#### PROBLEM REQUIREMENTS:
An exact copy of the lines of the listing below between the "Com reservatórios muito" line and the "2* Hotel Econo I-215" line, both included, is the whole answer; please omit the pictures.

#### ENTRIES SUPPLIED:
Start of Block

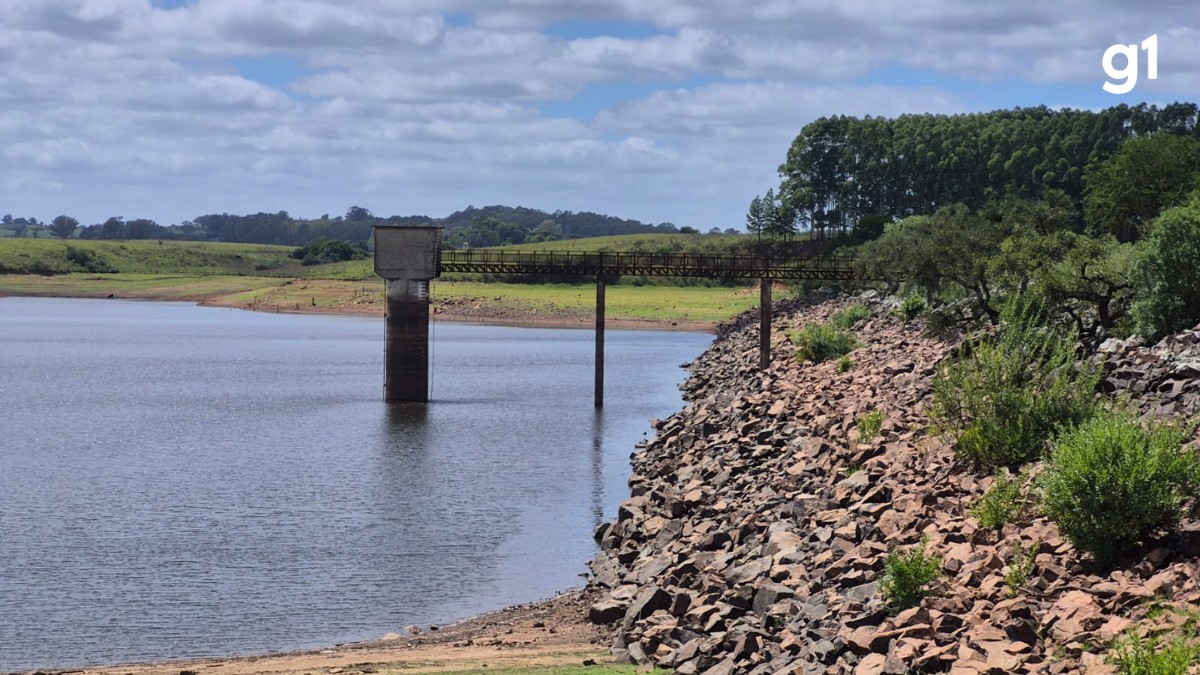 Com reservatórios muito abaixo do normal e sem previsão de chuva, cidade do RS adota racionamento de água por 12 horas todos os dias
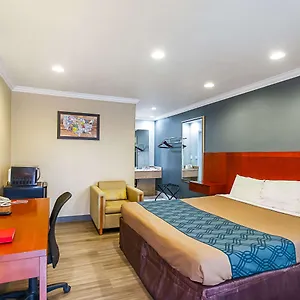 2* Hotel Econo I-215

End of Block
Start of Block

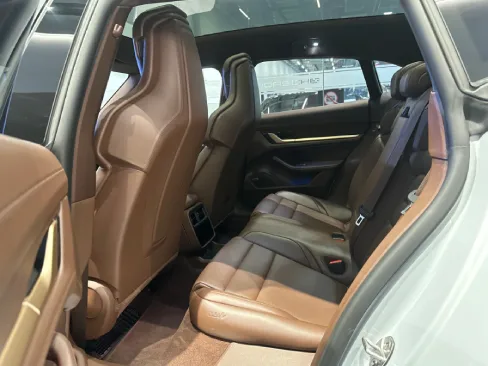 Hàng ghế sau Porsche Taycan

End of Block
Start of Block

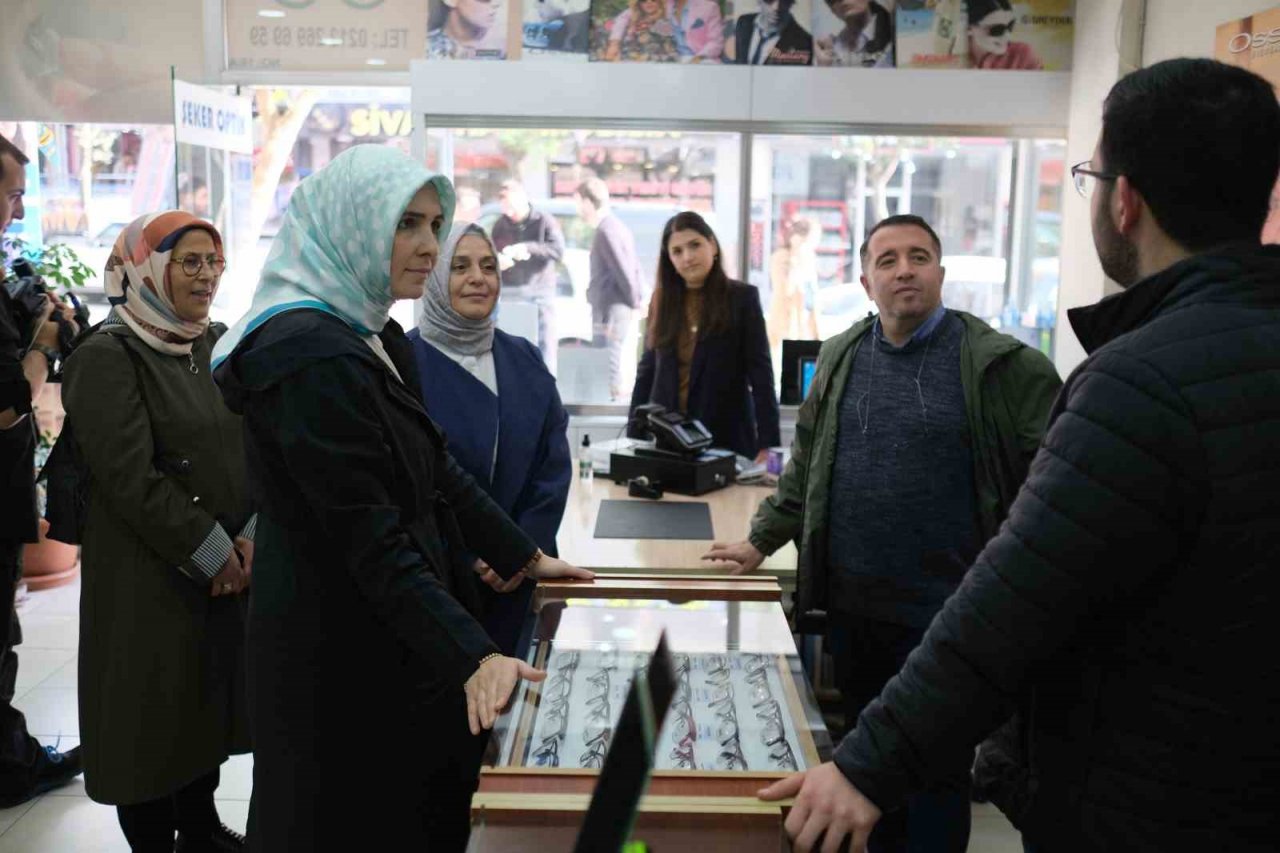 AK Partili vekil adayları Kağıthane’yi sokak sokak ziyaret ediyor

End of Block

#### WRITTEN RESPONSE:
 Com reservatórios muito abaixo do normal e sem previsão de chuva, cidade do RS adota racionamento de água por 12 horas todos os dias
 2* Hotel Econo I-215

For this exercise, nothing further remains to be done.